How can I use credit card numbers containing spaces?

Question

Some fancy websites show an error dialog when it is detected that an untrained shopper has entered a credit/debit card number as it is printed on their card with spaces. Is it possible in some way to write a Java web app that handles these numbers with spaces as if they were correct?

Answer 1

My view is that any Web app that rejects a credit card number with spaces isn't doing its job. When you receive a credit card number, it's easy enough to do:

String ccNumber = ccNumber.replaceAll("[\\s-]+", "");

to remove spaces and dashes (some use those too). Then validate the result. You'll simply annoy your users if you force them to remove spaces you could just as easily do.

As for how to validate, well that depends on a lot of things, such as which Web framework you're using and what validation options you've chosen. Struts 1 for example might or might not use Apache Commons Validator whereas Spring MVC will (probably) use Spring validation and so on. So I can't tell you exactly how to validate but I can tell you what to validate.

The first thing is that a CC number with spaces should not be rejected. Most people will find:

4123 0987 8876 2939

much easier to read than:

4123098788762939

which is really important if the user misses or mistypes a digit and needs to find why his or her credit card number failed validation. The replaceAll() at the top of this post covers this situation.

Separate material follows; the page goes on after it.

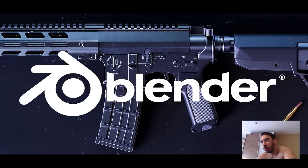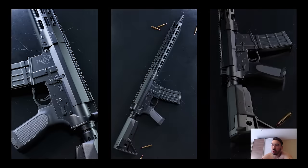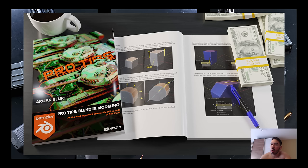I'm going to show you how I made this rifle in Blender from start to finish. We're not even going to do an intro this time, but my new ebook is out, and all the tools and techniques you're going to see me using in this video are in there, so check it out.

The second thing is that you display the credit card number (even when some of the digits are replaced with X for security reasons) in the correct way. I suggest you read through Anatomy of Credit Card Numbers.

That page gives you the rules for the number of digits and the valid prefixes. A robust Web application will implement these so you can tell if a credit card number is invalid before you try and use it. It can take up to 30 seconds (or possibly more) to submit credit card details to a payment gateway so you shouldn't do it until you are sure as you can be that the payment will be accepted. To do otherwise is to provide a really bad user experience. There is every chance the user will give up if it fails 1-2 times rather than wait.

As for displaying them, that depends on the # of digits:

• 16: 4 groups of 4 separated by a space;
• 15: like an American Express card ie 4-6-5 with a space between each group;
• 14: like a Diners Club card ie 4-6-4 with a space between each group;
• 13: Never seen 13 but 4-5-4 or 4-4-5 or 5-4-4 (or possibly 3-3-3-4) springs to mind.

The credit card number should be verified according to the checksum algorithm mentioned in the page before submitting for processing as part of a standard validation routine. That page has a Java implementation of that routine.

Every website that accepts credit card payment should be doing all of the above as an absolute minimum or you're simply throwing away business as a percentage of your users get frustrated.

So the short version is two simple rules:

1. Be as forgiving as possible with user input; and
2. Do absolutely everything possible to validate credit card details prior to submission.